The crisis deepens, trade wars heat up, the attack on the working class intensifies
At the beginning of 1986, before an audience of skeptical workers, fed up both with 15 years of inexorably rising unemployment and with the endless refrain that “we are nearly at the end of our economic difficulties”, the world’s governments shouted from the rooftops that this time the end of the tunnel really was in sight - as long, of course, as the workers were prepared to accept a few more sacrifices. Why? Because the price of oil was collapsing on the world market and because the dollar’s exchange rate was dropping. The press spoke of the “oil counter-shock” and the “oil windfall” which were to solve all our problems. The nightmare was at last coming to an end.
Six months later, the hard fact is that despite the major capitalist economies’ $60 billion saving on their oil bill, not only has unemployment not fallen, it has on the contrary continued to grow and the announcements of more redundancies in every branch of industry are proliferating.
As for the austerity plans, the governments have simply reinforced them.
US economic growth continues to slow, reaching in the second quarter of 1986 its lowest level since the ‘black year’ of 1982 (+1.1%)
In Japan, whose production is more than ever dependent on its exports to the US, the growth rate has been negative for the first time since 1975 (-0.5% of GNP in the first quarter), bringing with it the specter of imminent recession. Like Japan, Europe is being subjected to the effects of the US economy’s exhaustion, and growth rate forecasts are constantly being revised downwards.
What has happened to the ‘oil windfall’
Since the end of 1985, the fall in oil prices and the dollar exchange rate has indeed been transformed into important savings, especially for the industrialized oil-importing national capitals (up to $60 billion, the equivalent of the total annual production of a country like Austria or Denmark). But what have the capitalists done with this money? In the underdeveloped oil importing countries, it has done no more than soak up a fraction of their huge external debts. In the industrialized countries, it has for the moment done nothing but feed all kinds of speculation (in rare metals, currency exchange rates, etc..), and especially the frantic speculation that has swept over the major western stock exchanges during the last year.
Confronted with the virtual impossibility of finding real productive investments (opening new factories, employing new labor), capital takes refuge in speculative maneuvers. Capital flows, amongst others, into the stock exchanges, and company shares rise at lightening speeds, without the companies themselves preparing any significant new investment or production. Hence the absurd phenomenon, with its dangerous implications for the monetary system, that we have seen during the year May 1985 to May 1986, of the literal explosion of share prices: +25% in Britain, +30%, in the US and Japan, +38% in France, +45% in Germany, +206% in Italy (;) while at the same time, industrial production is stagnating or frankly in decline: -0.8o in Britain, +0.6% in the US, -1.7%, in Japan (unheard of since 1975), -1.8% in France, +1% in Germany, +I.2% in Italy.
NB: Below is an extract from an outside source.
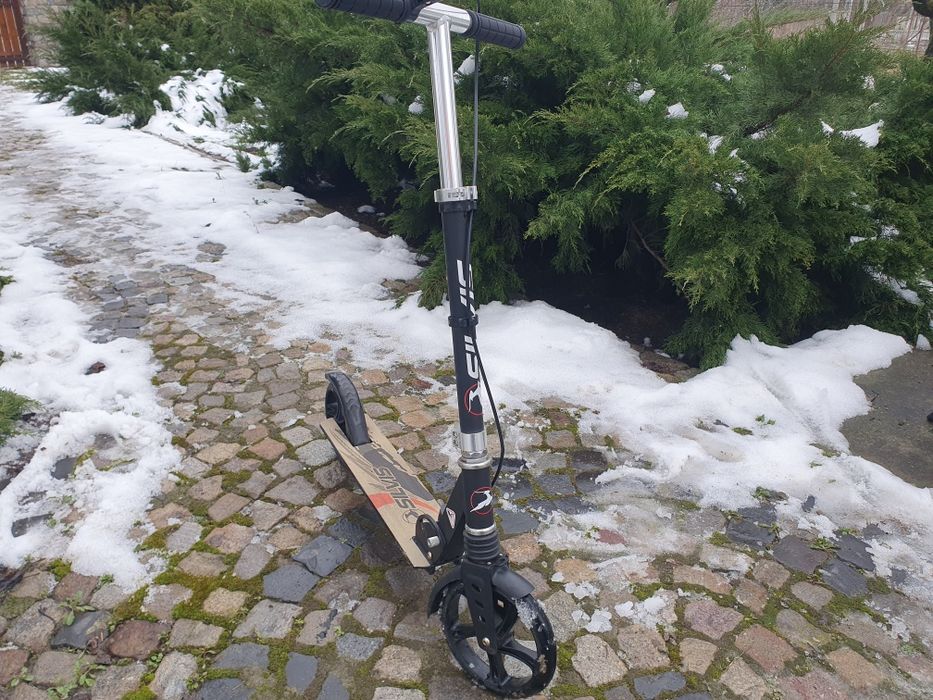 Trotineta baieti cu 2 roti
Speculation of these proportions is always a major sign of crisis: it expresses the impotence of the productive apparatus, and decline of real capital in favor of what Marx called “fictitious capital”. It is creating a financial time bomb, since the profits thus gained are equally fictitious.
The savings made thanks to the fall in oil prices are not encouraging growth in the industrialized countries, because capitalism’s fundamental problem is not a lack of financial resources, but a lack of outlets, of solvent markets for its commodities. By contrast, this fall is having catastrophic effects on the oil producing countries by reducing proportionately their main source of income. In the forefront of the victims is the USSR, and thereby the whole eastern bloc.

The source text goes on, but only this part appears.